🤖 AI Summary
To address the scarcity of large-scale paired training data in instruction-driven video editing, this paper proposes a low-cost pretraining paradigm that introduces in-context learning to unpaired video clips for generic editing operations—including insertion, replacement, and deletion—guided by natural language instructions. Built upon the HunyuanVideo text-to-video (T2V) framework, our approach integrates large-scale self-supervised pretraining on unlabeled videos with fine-tuning on a small set of high-quality paired samples, effectively balancing instruction alignment and generation fidelity. Crucially, it eliminates reliance on densely annotated data and endows foundational generative models with zero-shot editing capability.
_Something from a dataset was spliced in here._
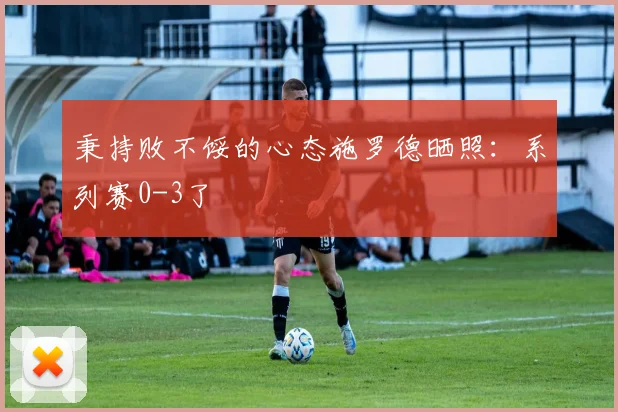 秉持败不馁的心态施罗德晒照：系列赛0-3了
Experiments demonstrate absolute improvements of 12% in instruction-following accuracy and 15% in editing quality over prior methods, while achieving superior visual fidelity and semantic consistency compared to current state-of-the-art approaches.
📝 Abstract
Despite the rapid progress of instruction-based image editing, its extension to video remains underexplored, primarily due to the prohibitive cost and complexity of constructing large-scale paired video editing datasets. To address this challenge, we introduce a low-cost pretraining strategy for instruction-based video editing that leverages in-context learning from unpaired video clips. We show that pretraining a foundation video generation model with this strategy endows it with general editing capabilities, such as adding, replacing, or deleting operations, according to input editing instructions. The pretrained model can then be efficiently refined with a small amount of high-quality paired editing data. Built upon HunyuanVideoT2V, our framework first pretrains on approximately 1M real video clips to learn basic editing concepts, and subsequently fine-tunes on fewer than 150k curated editing pairs to extend more editing tasks and improve the editing quality. Comparative experiments show that our method surpasses existing instruction-based video editing approaches in both instruction alignment and visual fidelity, achieving a 12% improvement in editing instruction following and a 15% improvement in editing quality.